Estaba pensando también en la isla. En la noche en que Barley y yo habíamos estado en la playa de piedras, viendo cómo la niebla avanzaba hacia nosotros a través del Atlántico gris.

– Nunca la soltarían, ¿verdad? -dijo Barley-. No, si las cosas fuesen mal.

No respondí, y no creo que él esperara que lo hiciese, pero tenía razón. Ella era una nacional soviética de pura cepa y había cometido un crimen soviético de pura cepa.

– En cualquier caso, nunca abandonaría a sus hijos -dijo, confirmando sus propias dudas.

Contemplamos durante un rato el mar, sus ojos sobre Katya y los míos sobre Hannah, que tampoco abandonaría nunca a sus hijos, sino que quería llevarlos consigo, y convertir en un hombre honrado a un jamelgo de Chancery Lane, obsesionado por su carrera, que se estaba acostando con la mujer de su jefe.

– ¡Raymond Chandler! -gritó tío Matvey desde su silla, por encima del estruendo de los aparatos de televisión de los vecinos.

– Formidable -dijo Barley.

– ¡Agatha Christie!

– ¡Ah, bueno!, Agatha.

– ¡Dashiell Hammet! Dorothy Sayers. Josephine Tey.

Barley se hallaba sentado en el sofá en que Katya le había instalado. El cuarto de estar era diminuto. Extendiendo los brazos podría haber abarcado toda su anchura. En un rincón, un aparador con el frente de cristal contenía los tesoros de la familia. Katya se los había ido mostrando ya. Los recipientes de alfarería, hechos por un amigo para su boda, sus medallones con la imagen de la novia y el novio. El juego de café de Leningrado, que ya no estaba completo y que había pertenecido a la dama que aparecía con marco de madera en el estante superior. La vieja fotografía en sepia de una pareja tolstoiana, el hombre barbudo y resuelto en almidonado cuello blanco, la muchacha con su sombrero y su manguito de piel.

– Matvey es un entusiasta de las novelas policíacas inglesas -dijo

Katya desde la cocina, donde tenía unas últimas cosas por hacer.

– Yo también -mintió Barley.

– Te está diciendo que bajo los zares no estaban permitidas. Ellos nunca habrían tolerado semejante intromisión en su sistema policial. ¿Tienes vodka? No le des más a Matvey, por favor. Debes comer algo. Nosotros no somos alcohólicos como vosotros, los occidentales.
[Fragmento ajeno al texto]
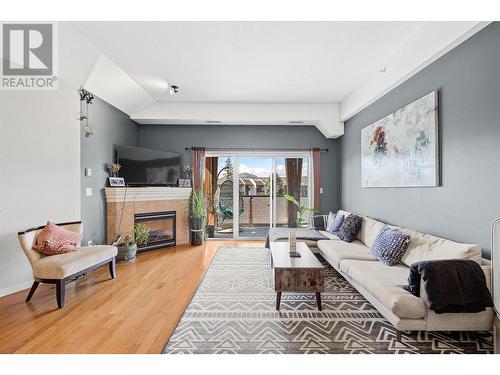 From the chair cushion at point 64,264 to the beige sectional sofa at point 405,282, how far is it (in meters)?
2.99

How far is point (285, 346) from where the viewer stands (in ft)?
6.71

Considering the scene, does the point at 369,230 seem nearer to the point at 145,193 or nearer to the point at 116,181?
the point at 145,193

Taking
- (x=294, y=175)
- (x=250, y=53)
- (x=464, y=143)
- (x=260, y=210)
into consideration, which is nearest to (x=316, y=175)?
(x=294, y=175)

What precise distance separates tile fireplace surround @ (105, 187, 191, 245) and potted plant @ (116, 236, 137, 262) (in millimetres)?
421

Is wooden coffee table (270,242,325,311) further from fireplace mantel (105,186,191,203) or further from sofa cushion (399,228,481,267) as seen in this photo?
fireplace mantel (105,186,191,203)

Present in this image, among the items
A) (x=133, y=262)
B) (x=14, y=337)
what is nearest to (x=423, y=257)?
(x=14, y=337)

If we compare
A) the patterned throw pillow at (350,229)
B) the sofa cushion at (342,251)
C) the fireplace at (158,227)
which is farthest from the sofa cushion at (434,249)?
the fireplace at (158,227)

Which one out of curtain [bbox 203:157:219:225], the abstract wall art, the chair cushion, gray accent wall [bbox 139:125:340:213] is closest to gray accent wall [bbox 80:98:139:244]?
gray accent wall [bbox 139:125:340:213]

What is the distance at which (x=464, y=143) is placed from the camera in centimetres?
251

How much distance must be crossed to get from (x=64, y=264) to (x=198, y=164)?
358 cm

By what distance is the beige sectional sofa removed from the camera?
202 centimetres

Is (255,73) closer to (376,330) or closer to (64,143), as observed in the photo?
(64,143)

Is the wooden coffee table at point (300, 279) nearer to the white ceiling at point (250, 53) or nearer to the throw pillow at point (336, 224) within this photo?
the throw pillow at point (336, 224)

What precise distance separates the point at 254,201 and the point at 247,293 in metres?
3.37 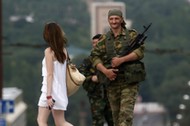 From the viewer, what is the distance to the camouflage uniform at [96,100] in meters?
14.0

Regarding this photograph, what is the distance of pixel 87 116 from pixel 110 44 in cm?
9615

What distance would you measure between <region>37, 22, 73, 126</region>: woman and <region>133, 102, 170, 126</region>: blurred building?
9614 centimetres

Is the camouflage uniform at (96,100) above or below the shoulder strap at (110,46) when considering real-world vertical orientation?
below

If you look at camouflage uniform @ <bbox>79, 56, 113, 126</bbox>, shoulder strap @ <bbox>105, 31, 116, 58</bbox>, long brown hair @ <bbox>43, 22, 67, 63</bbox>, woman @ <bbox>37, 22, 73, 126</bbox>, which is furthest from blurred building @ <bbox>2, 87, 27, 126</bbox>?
long brown hair @ <bbox>43, 22, 67, 63</bbox>

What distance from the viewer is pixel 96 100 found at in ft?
46.1

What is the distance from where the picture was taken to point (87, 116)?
108m

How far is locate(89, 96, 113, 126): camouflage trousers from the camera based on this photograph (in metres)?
14.0

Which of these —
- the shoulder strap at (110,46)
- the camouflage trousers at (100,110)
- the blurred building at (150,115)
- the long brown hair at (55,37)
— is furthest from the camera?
the blurred building at (150,115)

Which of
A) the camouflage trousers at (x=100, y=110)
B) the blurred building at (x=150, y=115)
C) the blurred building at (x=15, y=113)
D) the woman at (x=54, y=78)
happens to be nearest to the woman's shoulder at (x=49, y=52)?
the woman at (x=54, y=78)

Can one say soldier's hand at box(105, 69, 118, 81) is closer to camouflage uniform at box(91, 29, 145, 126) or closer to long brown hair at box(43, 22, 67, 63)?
camouflage uniform at box(91, 29, 145, 126)

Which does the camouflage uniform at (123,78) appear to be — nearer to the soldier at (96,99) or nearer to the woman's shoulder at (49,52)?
the woman's shoulder at (49,52)

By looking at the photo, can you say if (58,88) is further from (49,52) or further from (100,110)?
(100,110)

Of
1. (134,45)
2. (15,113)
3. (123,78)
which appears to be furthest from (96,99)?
(15,113)

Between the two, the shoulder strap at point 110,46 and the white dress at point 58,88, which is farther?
the shoulder strap at point 110,46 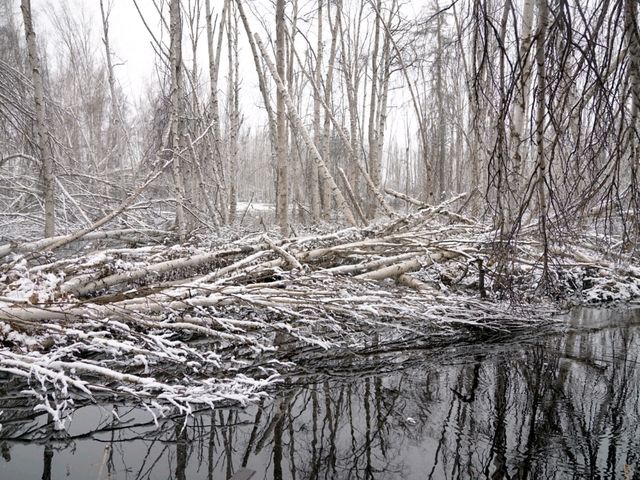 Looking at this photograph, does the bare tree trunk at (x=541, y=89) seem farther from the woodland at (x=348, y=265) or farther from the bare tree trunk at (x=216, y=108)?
the bare tree trunk at (x=216, y=108)

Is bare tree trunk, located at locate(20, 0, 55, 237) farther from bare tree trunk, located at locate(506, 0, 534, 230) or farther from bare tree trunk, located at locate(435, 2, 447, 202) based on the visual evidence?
bare tree trunk, located at locate(435, 2, 447, 202)

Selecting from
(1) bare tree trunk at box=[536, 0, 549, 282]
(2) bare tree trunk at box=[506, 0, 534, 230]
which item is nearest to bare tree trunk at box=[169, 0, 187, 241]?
(2) bare tree trunk at box=[506, 0, 534, 230]

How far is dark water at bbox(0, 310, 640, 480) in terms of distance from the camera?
241 centimetres

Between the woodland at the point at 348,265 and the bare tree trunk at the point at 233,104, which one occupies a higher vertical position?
the bare tree trunk at the point at 233,104

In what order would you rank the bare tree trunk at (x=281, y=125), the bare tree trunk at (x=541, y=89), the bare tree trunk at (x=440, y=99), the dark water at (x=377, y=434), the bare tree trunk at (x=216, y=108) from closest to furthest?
the bare tree trunk at (x=541, y=89) < the dark water at (x=377, y=434) < the bare tree trunk at (x=281, y=125) < the bare tree trunk at (x=216, y=108) < the bare tree trunk at (x=440, y=99)

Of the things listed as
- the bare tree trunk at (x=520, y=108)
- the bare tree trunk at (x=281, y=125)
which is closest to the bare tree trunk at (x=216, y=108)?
the bare tree trunk at (x=281, y=125)

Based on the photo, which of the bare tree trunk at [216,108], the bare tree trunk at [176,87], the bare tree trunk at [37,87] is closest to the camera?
the bare tree trunk at [37,87]

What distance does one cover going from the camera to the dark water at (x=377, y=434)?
2.41m

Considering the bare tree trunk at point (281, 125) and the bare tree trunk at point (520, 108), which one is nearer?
the bare tree trunk at point (520, 108)

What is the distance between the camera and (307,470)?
96.5 inches

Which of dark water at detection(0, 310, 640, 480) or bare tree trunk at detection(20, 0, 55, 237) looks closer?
dark water at detection(0, 310, 640, 480)

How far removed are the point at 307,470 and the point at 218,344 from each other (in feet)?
6.56

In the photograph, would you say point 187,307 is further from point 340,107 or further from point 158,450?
point 340,107

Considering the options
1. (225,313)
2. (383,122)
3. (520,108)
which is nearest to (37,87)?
(225,313) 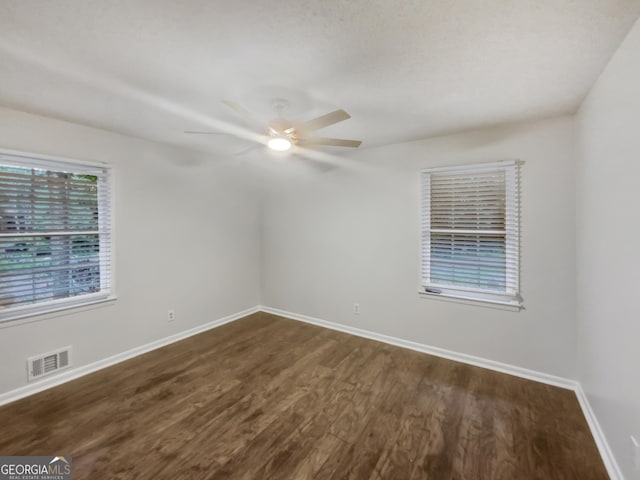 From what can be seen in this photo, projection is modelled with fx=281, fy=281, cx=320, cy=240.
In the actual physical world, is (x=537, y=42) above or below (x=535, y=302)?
above

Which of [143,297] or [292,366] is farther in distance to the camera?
[143,297]

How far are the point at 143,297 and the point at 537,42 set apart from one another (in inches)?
160

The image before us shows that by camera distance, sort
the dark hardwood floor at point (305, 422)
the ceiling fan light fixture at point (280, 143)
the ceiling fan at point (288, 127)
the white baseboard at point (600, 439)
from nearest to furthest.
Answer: the white baseboard at point (600, 439) < the dark hardwood floor at point (305, 422) < the ceiling fan at point (288, 127) < the ceiling fan light fixture at point (280, 143)

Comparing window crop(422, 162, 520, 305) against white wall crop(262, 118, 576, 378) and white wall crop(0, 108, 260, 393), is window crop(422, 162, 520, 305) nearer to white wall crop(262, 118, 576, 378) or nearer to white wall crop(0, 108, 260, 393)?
white wall crop(262, 118, 576, 378)

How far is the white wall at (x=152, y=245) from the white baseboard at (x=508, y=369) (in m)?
1.25

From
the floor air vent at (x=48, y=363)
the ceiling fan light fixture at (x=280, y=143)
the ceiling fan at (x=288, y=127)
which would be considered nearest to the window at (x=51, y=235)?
the floor air vent at (x=48, y=363)

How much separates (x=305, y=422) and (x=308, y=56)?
2512 mm

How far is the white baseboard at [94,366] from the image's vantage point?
2.40 meters

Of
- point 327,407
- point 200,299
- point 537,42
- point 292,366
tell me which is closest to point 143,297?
point 200,299

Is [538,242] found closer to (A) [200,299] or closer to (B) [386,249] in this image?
(B) [386,249]

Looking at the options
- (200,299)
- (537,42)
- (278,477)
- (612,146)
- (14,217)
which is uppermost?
(537,42)

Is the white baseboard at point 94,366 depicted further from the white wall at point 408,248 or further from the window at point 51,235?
the white wall at point 408,248

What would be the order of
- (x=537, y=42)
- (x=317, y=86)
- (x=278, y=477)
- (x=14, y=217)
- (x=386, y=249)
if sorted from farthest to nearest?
(x=386, y=249) < (x=14, y=217) < (x=317, y=86) < (x=278, y=477) < (x=537, y=42)

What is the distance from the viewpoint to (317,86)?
201 centimetres
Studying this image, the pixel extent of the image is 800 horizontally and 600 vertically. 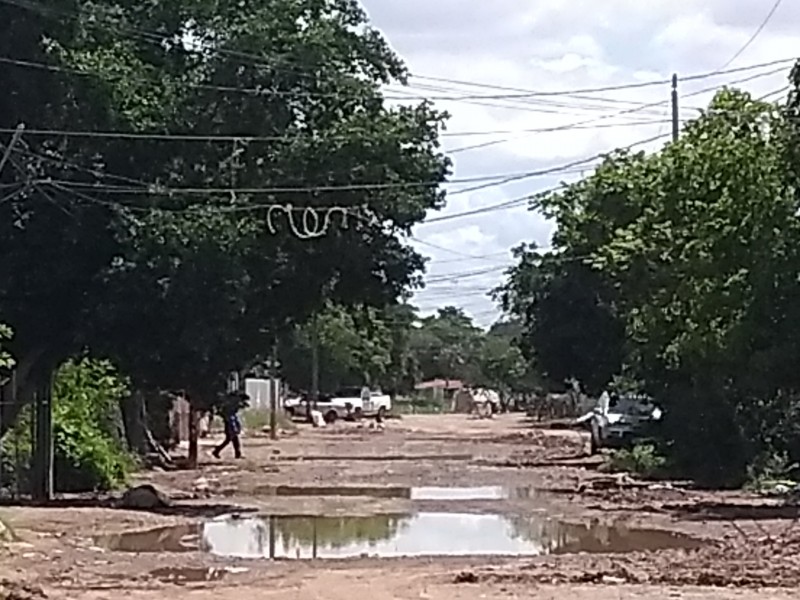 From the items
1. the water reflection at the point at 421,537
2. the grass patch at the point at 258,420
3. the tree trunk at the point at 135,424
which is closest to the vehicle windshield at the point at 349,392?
the grass patch at the point at 258,420

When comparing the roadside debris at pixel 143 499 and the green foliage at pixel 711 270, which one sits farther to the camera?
the roadside debris at pixel 143 499

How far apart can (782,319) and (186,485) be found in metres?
14.9

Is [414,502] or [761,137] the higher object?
[761,137]

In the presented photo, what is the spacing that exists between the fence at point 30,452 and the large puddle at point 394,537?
5.17 m

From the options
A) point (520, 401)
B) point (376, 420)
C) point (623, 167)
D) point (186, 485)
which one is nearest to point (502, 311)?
point (376, 420)

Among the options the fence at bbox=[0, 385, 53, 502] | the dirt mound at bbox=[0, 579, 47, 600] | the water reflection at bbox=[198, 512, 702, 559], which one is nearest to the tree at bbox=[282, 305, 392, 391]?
the fence at bbox=[0, 385, 53, 502]

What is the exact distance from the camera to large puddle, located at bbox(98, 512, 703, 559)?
85.4 feet

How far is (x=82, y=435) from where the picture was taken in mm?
38438

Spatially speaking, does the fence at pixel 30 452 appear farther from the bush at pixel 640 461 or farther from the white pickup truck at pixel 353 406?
the white pickup truck at pixel 353 406

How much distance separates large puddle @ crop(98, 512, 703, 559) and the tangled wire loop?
15.9 feet

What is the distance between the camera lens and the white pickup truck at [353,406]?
95688 millimetres

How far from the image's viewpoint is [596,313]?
59.8m

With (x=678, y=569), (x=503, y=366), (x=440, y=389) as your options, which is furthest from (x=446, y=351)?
(x=678, y=569)

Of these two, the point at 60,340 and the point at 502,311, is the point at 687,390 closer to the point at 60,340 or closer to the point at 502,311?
the point at 60,340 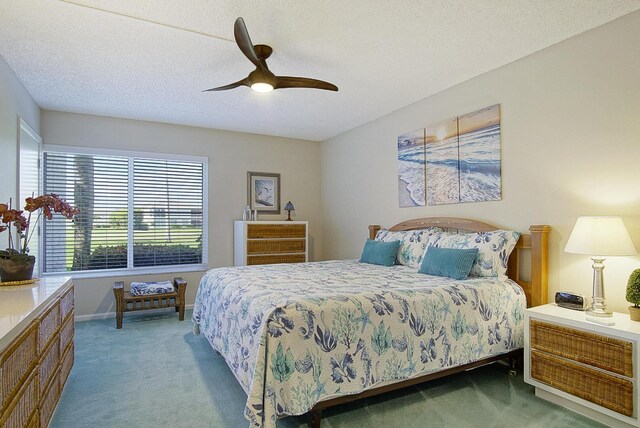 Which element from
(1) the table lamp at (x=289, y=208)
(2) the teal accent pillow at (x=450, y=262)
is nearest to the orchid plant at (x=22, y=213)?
(2) the teal accent pillow at (x=450, y=262)

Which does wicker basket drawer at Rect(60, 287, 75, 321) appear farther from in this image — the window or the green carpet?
the window

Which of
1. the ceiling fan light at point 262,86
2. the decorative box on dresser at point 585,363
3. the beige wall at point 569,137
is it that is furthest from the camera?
the ceiling fan light at point 262,86

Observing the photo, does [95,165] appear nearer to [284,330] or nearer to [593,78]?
[284,330]

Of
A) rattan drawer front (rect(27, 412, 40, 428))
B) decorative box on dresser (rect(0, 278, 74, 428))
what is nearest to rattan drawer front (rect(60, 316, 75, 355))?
decorative box on dresser (rect(0, 278, 74, 428))

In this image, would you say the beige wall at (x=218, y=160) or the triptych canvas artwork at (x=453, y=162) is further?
the beige wall at (x=218, y=160)

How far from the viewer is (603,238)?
2.22m

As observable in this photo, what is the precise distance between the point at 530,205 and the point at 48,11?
3734 millimetres

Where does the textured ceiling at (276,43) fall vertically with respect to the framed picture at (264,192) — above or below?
above

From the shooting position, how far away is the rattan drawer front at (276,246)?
5055mm

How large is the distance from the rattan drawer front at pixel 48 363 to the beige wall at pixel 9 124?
1.40m

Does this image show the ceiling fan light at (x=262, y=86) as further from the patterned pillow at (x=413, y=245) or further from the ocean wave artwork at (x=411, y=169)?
the patterned pillow at (x=413, y=245)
Nosotros no bebemos sin comer.

Con el pretexto de examinar sus libros, Barley se adentró en el pequeño pasillo, desde el que podía ver a Katya. Jack London, Hemingway y Joyce. Dreiser y John Fowles. Heine, Remarque y Rilke. Los gemelos estaban en el cuarto de baño, parloteando. La miró a través de la abierta puerta de la cocina. Sus gestos tenían un aire de morosidad intemporal y deliberada. Vuelve a ser rusa, pensó. Cuando algo sale bien, se siente agradecida. Cuando no sale bien, es la vida. Desde el cuarto de estar, Matvey continuaba hablando alegremente.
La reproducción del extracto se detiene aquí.